▶ PROBLEM:
Although the records contain pictures, none belong in the copy: restate word for word only the lines from the one with "Here we have" through the one with "For style number", both included.

▶ INPUT DATA:
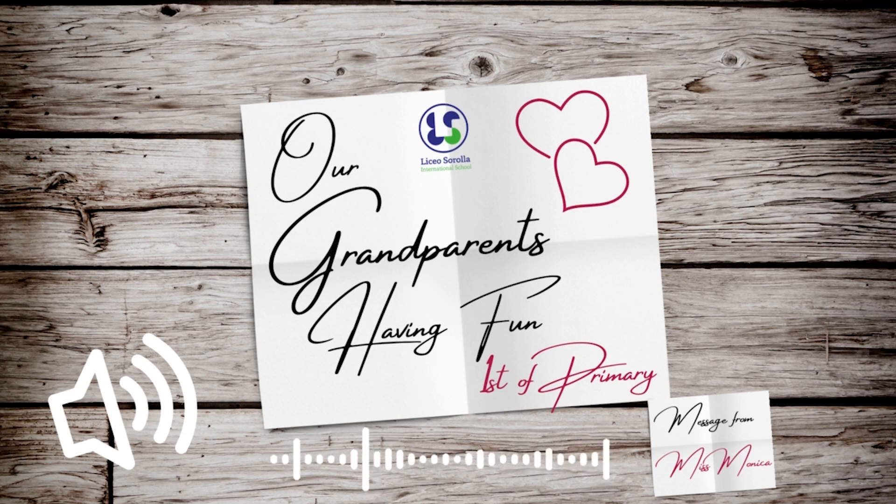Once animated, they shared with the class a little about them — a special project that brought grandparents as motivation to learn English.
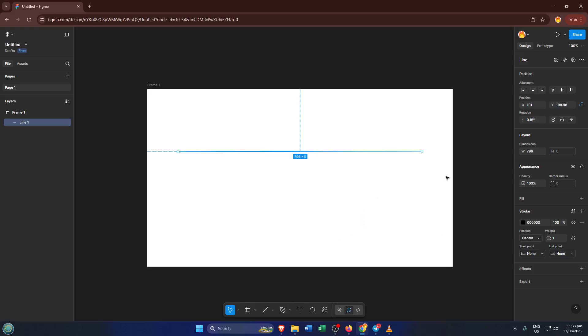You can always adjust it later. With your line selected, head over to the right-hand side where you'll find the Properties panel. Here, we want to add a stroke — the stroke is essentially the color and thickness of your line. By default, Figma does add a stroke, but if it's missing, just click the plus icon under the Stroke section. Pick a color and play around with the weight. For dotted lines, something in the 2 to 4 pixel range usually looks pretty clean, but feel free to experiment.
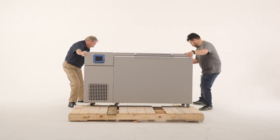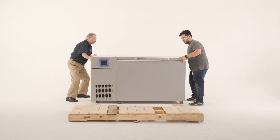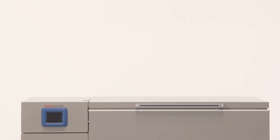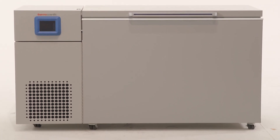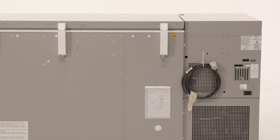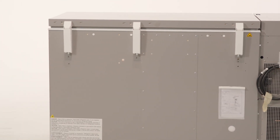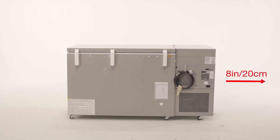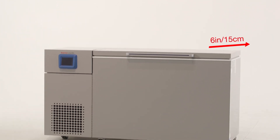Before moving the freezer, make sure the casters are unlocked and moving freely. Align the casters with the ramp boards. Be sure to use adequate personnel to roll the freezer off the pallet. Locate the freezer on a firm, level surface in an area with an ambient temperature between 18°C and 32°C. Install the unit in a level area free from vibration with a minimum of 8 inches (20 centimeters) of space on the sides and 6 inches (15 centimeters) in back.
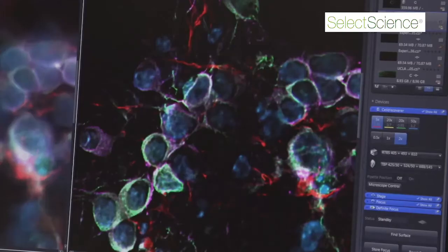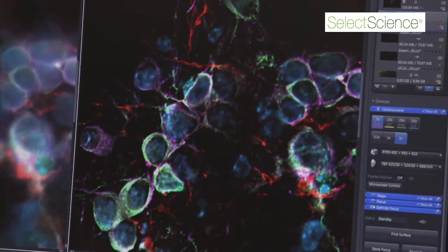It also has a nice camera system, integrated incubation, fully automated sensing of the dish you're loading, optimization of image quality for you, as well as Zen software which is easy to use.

---

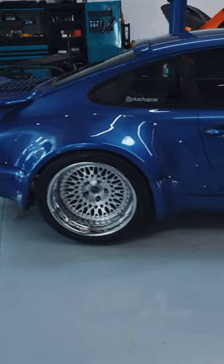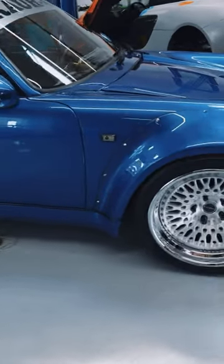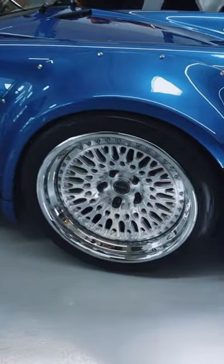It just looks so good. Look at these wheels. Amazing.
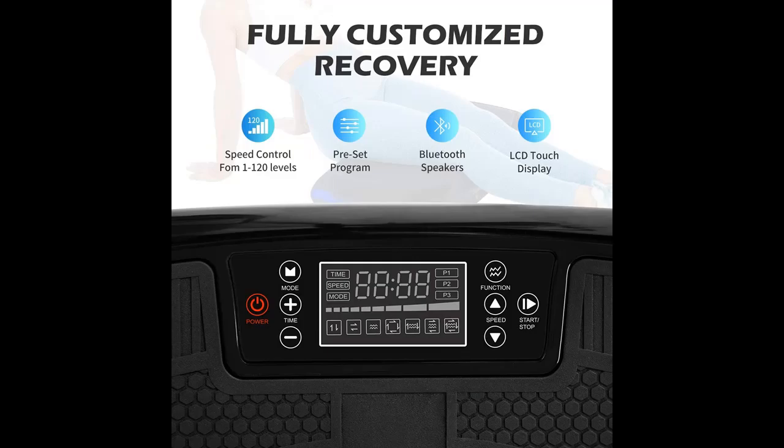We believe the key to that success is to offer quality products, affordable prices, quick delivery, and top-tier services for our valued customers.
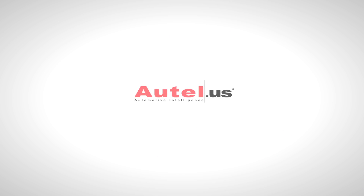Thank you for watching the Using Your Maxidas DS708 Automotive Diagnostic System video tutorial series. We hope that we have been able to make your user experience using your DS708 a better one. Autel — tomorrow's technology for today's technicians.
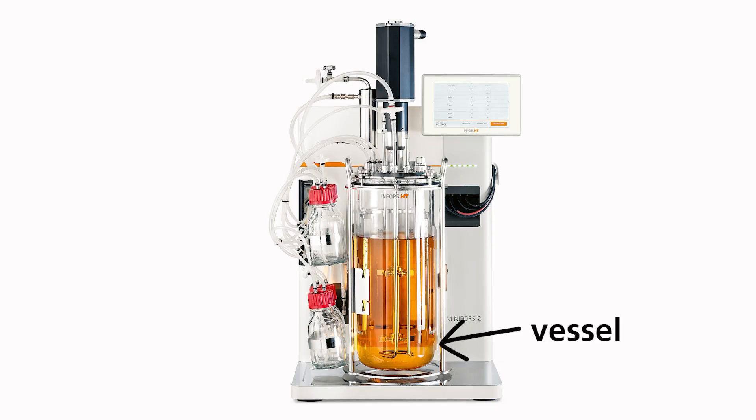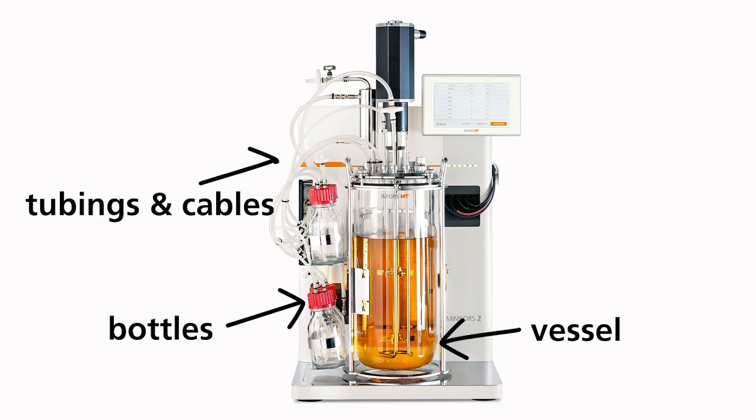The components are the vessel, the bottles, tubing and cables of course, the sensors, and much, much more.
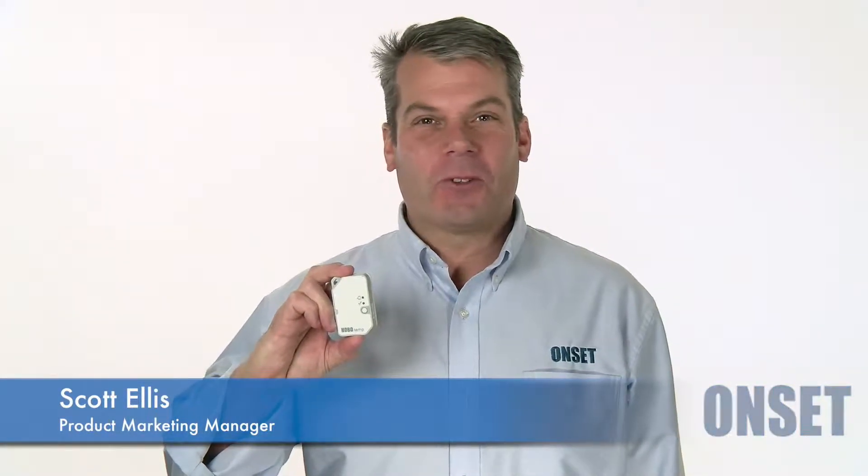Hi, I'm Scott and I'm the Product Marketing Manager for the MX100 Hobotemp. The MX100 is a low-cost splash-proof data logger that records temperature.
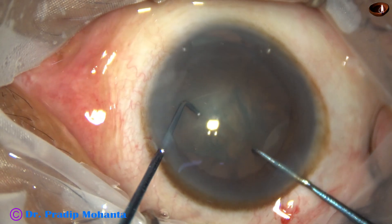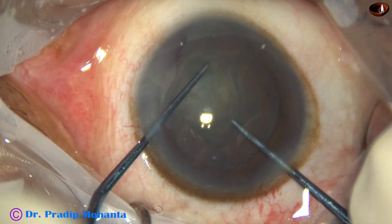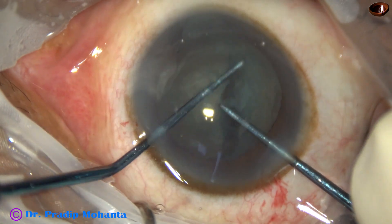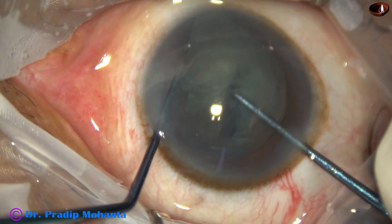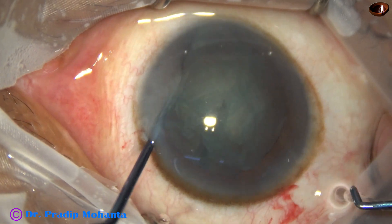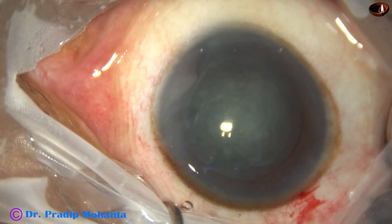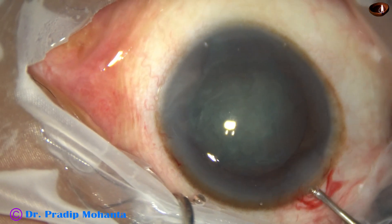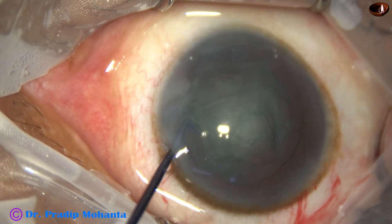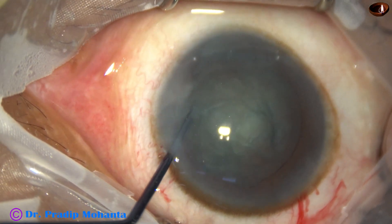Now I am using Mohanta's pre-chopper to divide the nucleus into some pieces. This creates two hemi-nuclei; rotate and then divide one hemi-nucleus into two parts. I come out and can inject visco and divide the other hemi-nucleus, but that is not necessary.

...

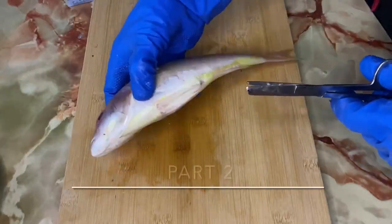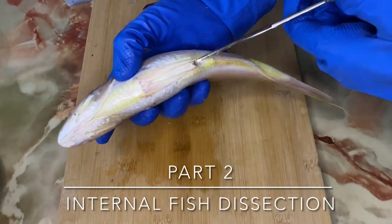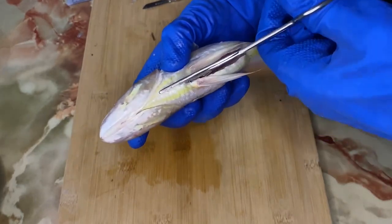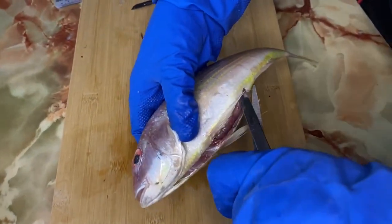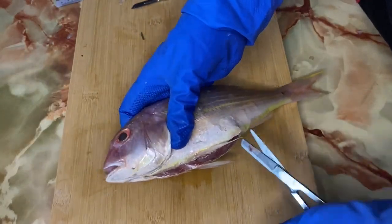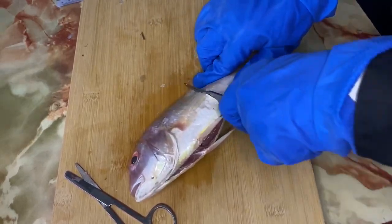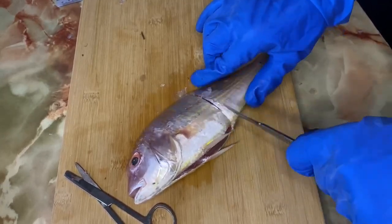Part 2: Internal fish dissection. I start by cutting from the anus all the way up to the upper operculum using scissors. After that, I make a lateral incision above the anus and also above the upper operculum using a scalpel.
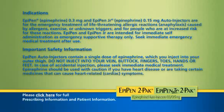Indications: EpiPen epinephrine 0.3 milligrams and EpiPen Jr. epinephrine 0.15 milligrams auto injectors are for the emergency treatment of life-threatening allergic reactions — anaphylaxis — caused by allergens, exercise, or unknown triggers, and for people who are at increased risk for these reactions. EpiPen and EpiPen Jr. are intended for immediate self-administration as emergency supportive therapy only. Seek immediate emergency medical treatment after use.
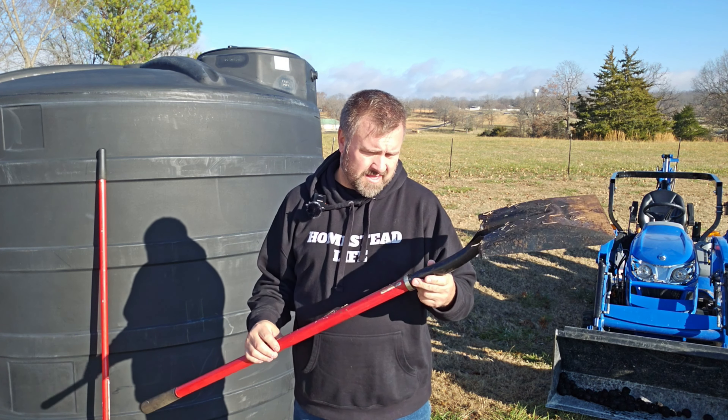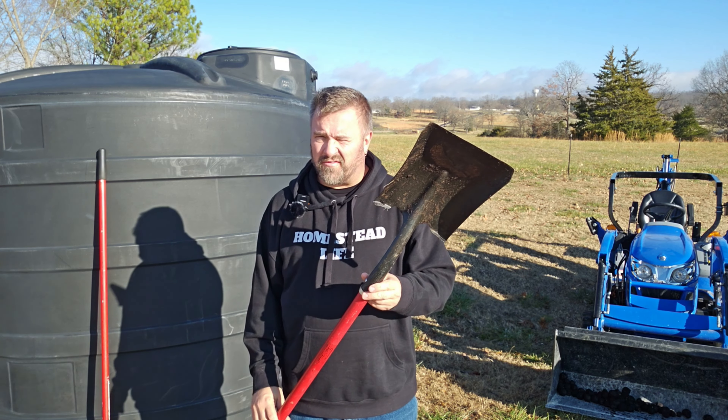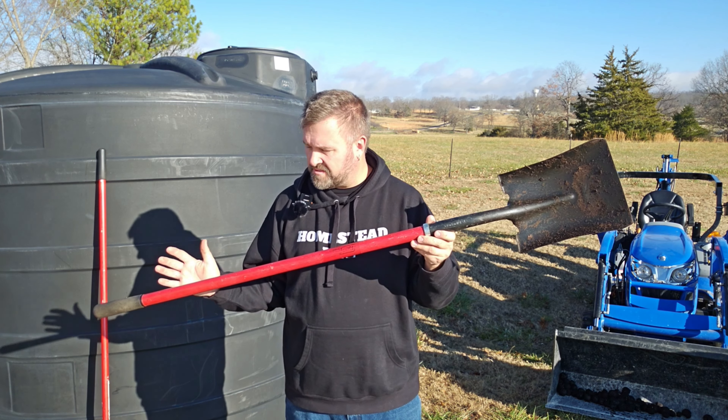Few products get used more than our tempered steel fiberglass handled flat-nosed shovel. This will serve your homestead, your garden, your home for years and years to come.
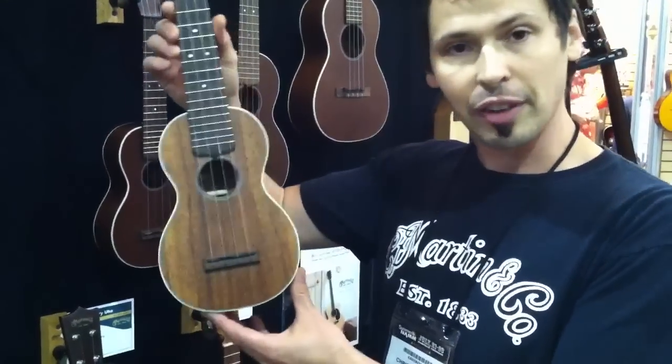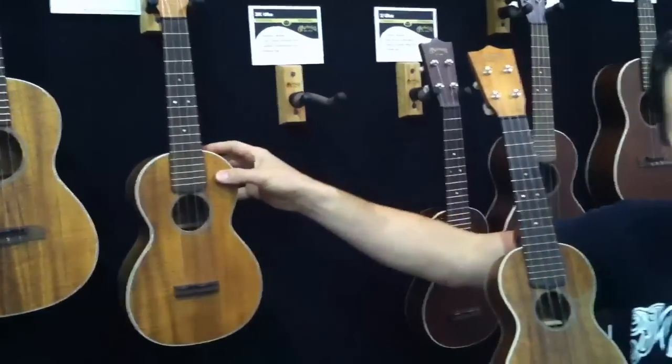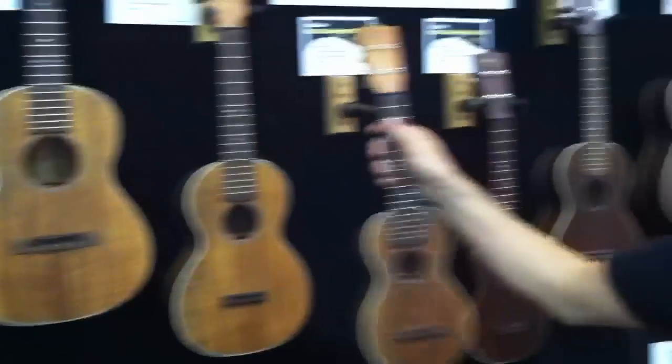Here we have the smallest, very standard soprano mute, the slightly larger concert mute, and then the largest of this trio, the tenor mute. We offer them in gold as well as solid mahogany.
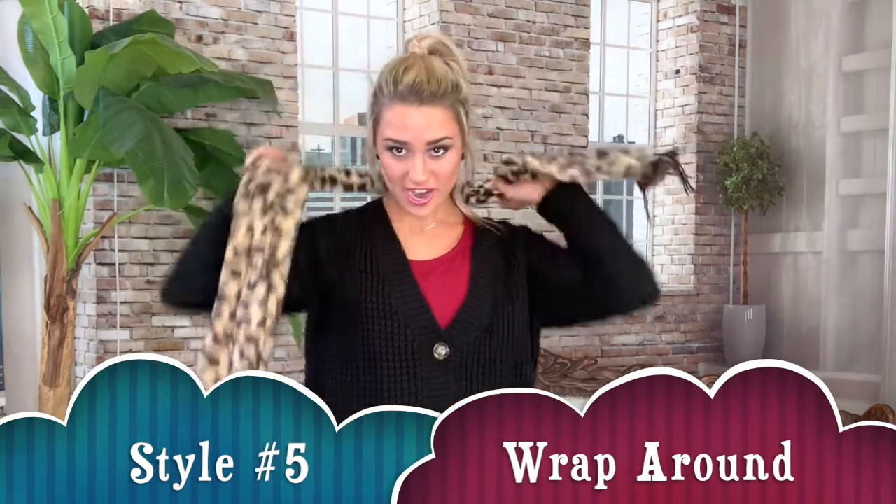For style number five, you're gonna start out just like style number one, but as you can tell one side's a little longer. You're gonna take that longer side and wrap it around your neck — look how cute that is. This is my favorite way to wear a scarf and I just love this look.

▶ RESPONSE FOR THIS EXERCISE:
Here we have the smallest, very standard soprano mute, the slightly larger concert mute, and then the largest of this trio, the tenor mute. We offer them in gold as well as solid mahogany.
For style number five, you're gonna start out just like style number one, but as you can tell one side's a little longer. You're gonna take that longer side and wrap it around your neck — look how cute that is. This is my favorite way to wear a scarf and I just love this look.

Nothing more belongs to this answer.